Oh ! cet air emprisonné entre les molécules du
gâteau. C'est ça le piège : il faut s'occuper de l'air et l'éliminer avant
d'avoir accès à la matière vraie. C'est une destruction, une désagrégation, une
désintégration vaine. On détruit, on brise, mais ça s'évanouit en poussière. Ça
manque vraiment de tenue: une infime pression et ça y est, déjà ça cède.
Ce
gâteau a de la longueur. Il ne sert qu'au bruit et qu'au sentiment d'émiettement infini.
Les papilles croient enfin le saisir, mais ce n'est qu'une abstraction de gâteau.
A la fin
de la séance, la langue passe son balai mouillé et ramasse toutes ces poussières
maigres et stériles pour les jeter au trou béant du vide-ordures. Alors, dans une
suprême habileté, l'amas de poussière se libère d'un suffisant souvenir de saveur
sucrée pour que l'être dépossédé des jouissances attendues soit contraint de se
remettre à travailler à la chaîne en attaquant un deuxième gâteau, un troisième...

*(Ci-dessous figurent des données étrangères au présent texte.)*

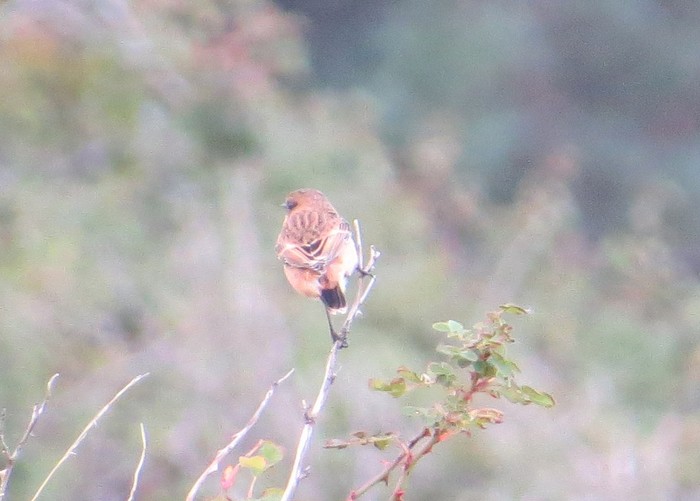 Stejneger's Stonechat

Et cela dure jusqu'à l'écoeurement...
Techniques
de rattrapage
A propos de
la possibilité d'une seconde séance-type, j'ai élargi la première technique du
« ce que vous voulez » à l'ensemble de la question des départs. Logiquement,
je devrais appliquer le même processus au marché de poèmes qui suivait immédiatement.
Mais quelque chose me retient car je sens qu'on atteindrait alors un niveau qu'il est
actuellement prématuré d'envisager. Je préfère aborder directement la question des
techniques de rattrapage à laquelle appartient la définition tournante.
Car si on a
l'intention d'entamer une série de séances, il vaut mieux apprendre à les réussir.
Oui mais,
qu'est-ce qu'une séance réussie ?
Eh bien,
pour moi, c'est une séance où l'on a pu essayer les techniques les plus folles, une
séance où l'on a pu s'engager et une séance qui se termine bien. Et le mieux pour cela,
c'est de la faire se terminer dans le rire. Car je pense qu'il faut rester longtemps à
son niveau. C'est peut-être ce qui distingue ma conception de celle de plusieurs autres
techniciens ou responsables d'ateliers. Ils me disent :
-
Ton truc nous paraît superficiel. Il faudrait aller plus loin ».
Comme si
nous n'allions pas plus loin ! Mais en prenant tout notre temps, sans précipiter les
choses. Et cela fait toute la différence ! Et si on ne doit pas aller plus loin,
eh ! bien tant pis ! On n'est obsédé ni de futur, ni de psychothérapie. On se
contente de ce qui arrive. On se préoccupe essentiellement de bien vivre ce présent-là.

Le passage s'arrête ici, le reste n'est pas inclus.